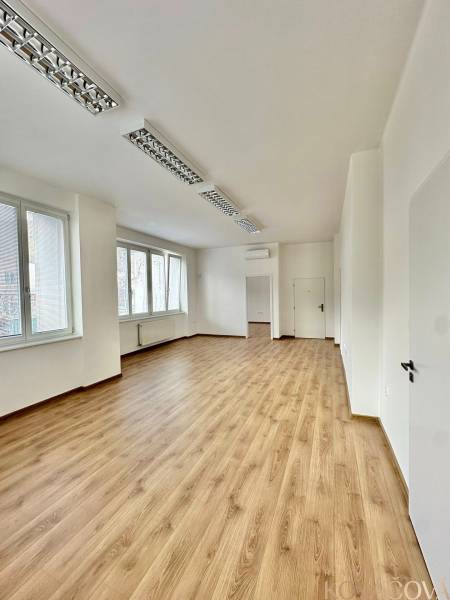 Offices with wood-patterned flooring, white walls, and windows offer a bright working space.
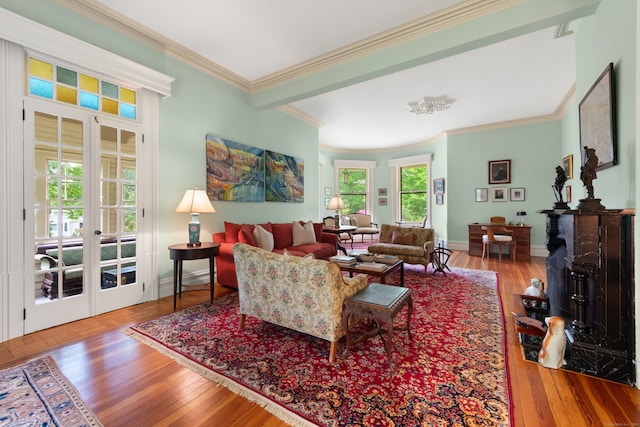 13 Sugar St, Newtown, CT 06470 - living area featuring french doors, ornamental molding, baseboards, and wood finished floors
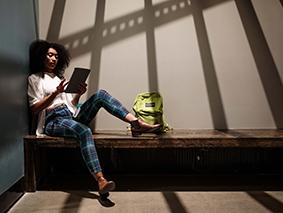 Person using a tablet while seated on an indoor bench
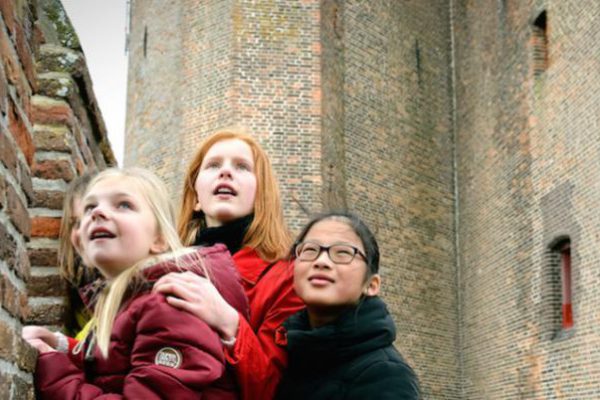 leerlingen voor de muur van kasteel Muiderslot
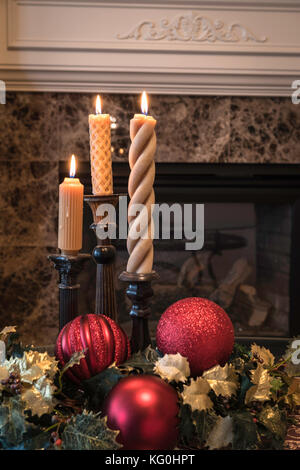 Wohnzimmer für Weihnachten mit angezündeten Kerzen dekoriert, Holly, und rote Kugel Verzierungen auf dem Tisch vor dem Kamin Stockfoto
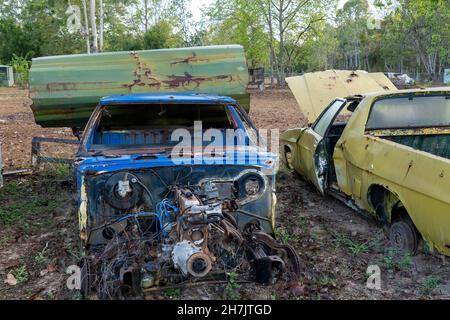 Le conchiglie arrugginite delle vecchie auto sono rimaste in un cortile rurale Foto Stock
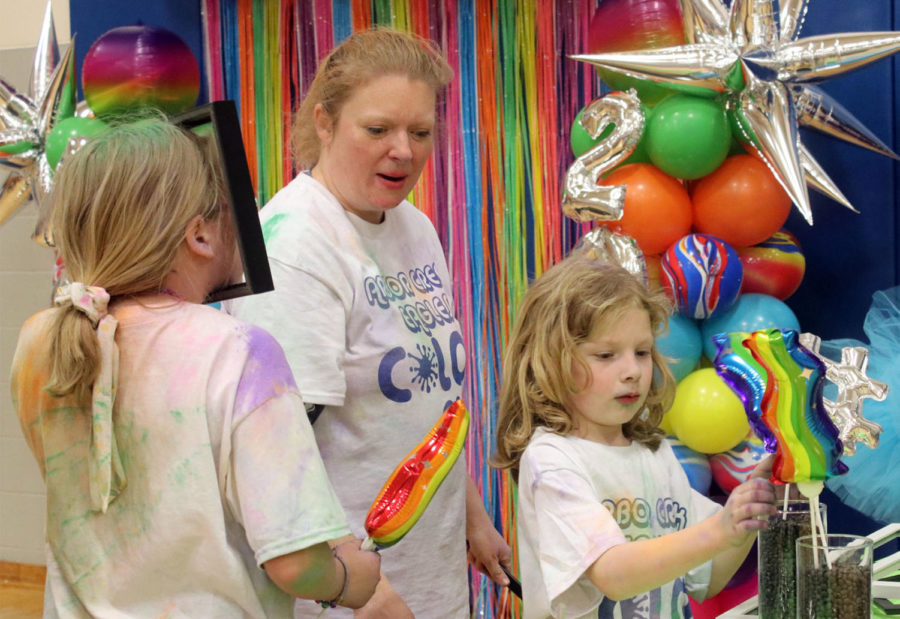 After completing a lap around the color run, a family prepares to take a photo at the gym’s photo booth. Before their picture, they selected props and outfits.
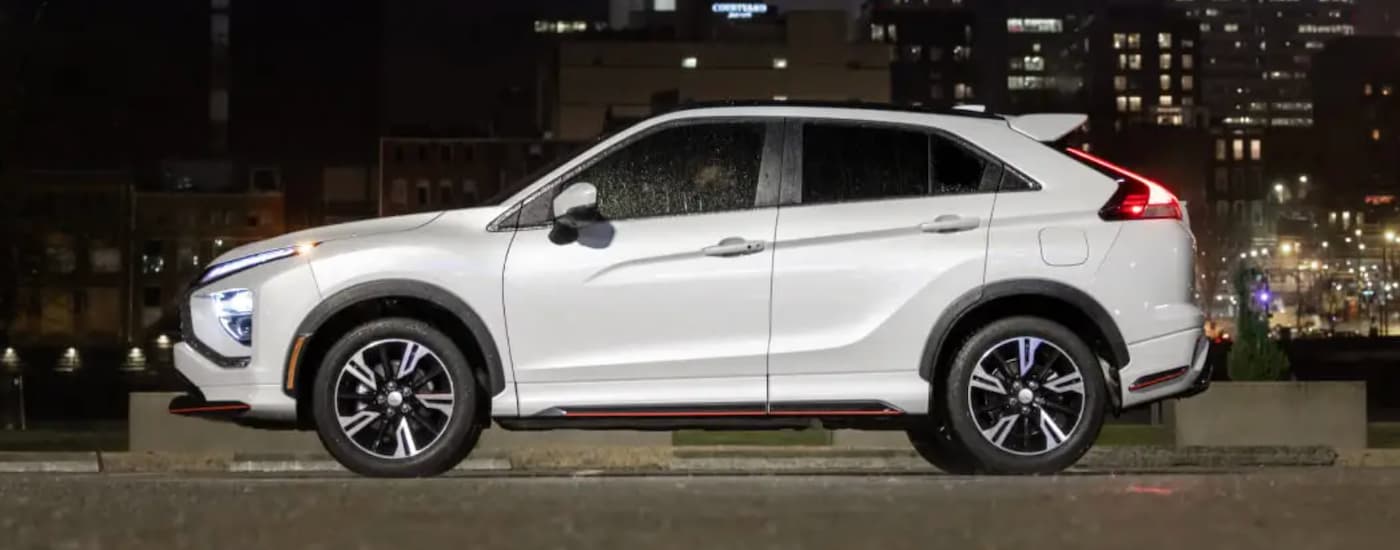 A white 2023 Mitsubishi Eclipse Cross is shown from the side parked in a city at night.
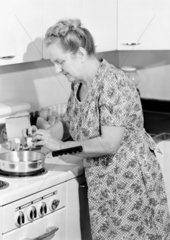 Woman frying eggs  1950.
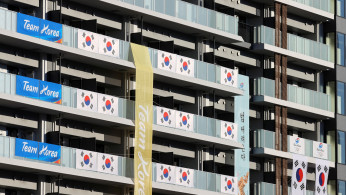South Korean Flags and signs hang on the appartment building hosting Olympics participants at the Athletes Village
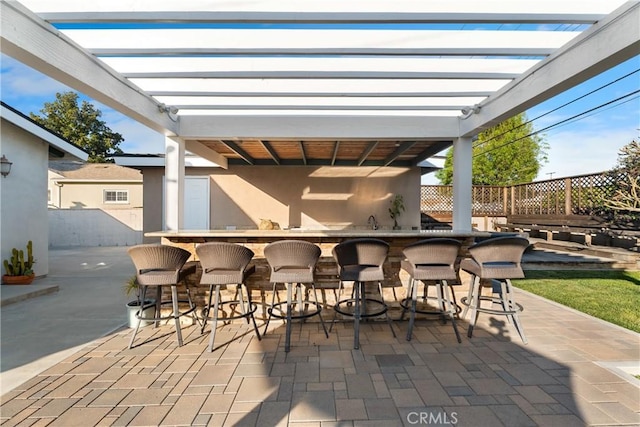 view of patio / terrace featuring fence and a pergola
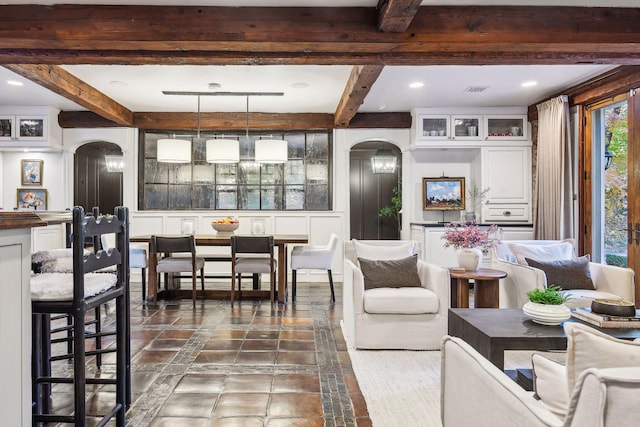 living room with beamed ceiling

========================================

A faithful copy of every record is needed here. Leave the images out of it.

 Offices with wood-patterned flooring, white walls, and windows offer a bright working space.
 13 Sugar St, Newtown, CT 06470 - living area featuring french doors, ornamental molding, baseboards, and wood finished floors
 Person using a tablet while seated on an indoor bench
 leerlingen voor de muur van kasteel Muiderslot
 Wohnzimmer für Weihnachten mit angezündeten Kerzen dekoriert, Holly, und rote Kugel Verzierungen auf dem Tisch vor dem Kamin Stockfoto
 Le conchiglie arrugginite delle vecchie auto sono rimaste in un cortile rurale Foto Stock
 After completing a lap around the color run, a family prepares to take a photo at the gym’s photo booth. Before their picture, they selected props and outfits.
 A white 2023 Mitsubishi Eclipse Cross is shown from the side parked in a city at night.
 Woman frying eggs  1950.
South Korean Flags and signs hang on the appartment building hosting Olympics participants at the Athletes Village
 view of patio / terrace featuring fence and a pergola
 living room with beamed ceiling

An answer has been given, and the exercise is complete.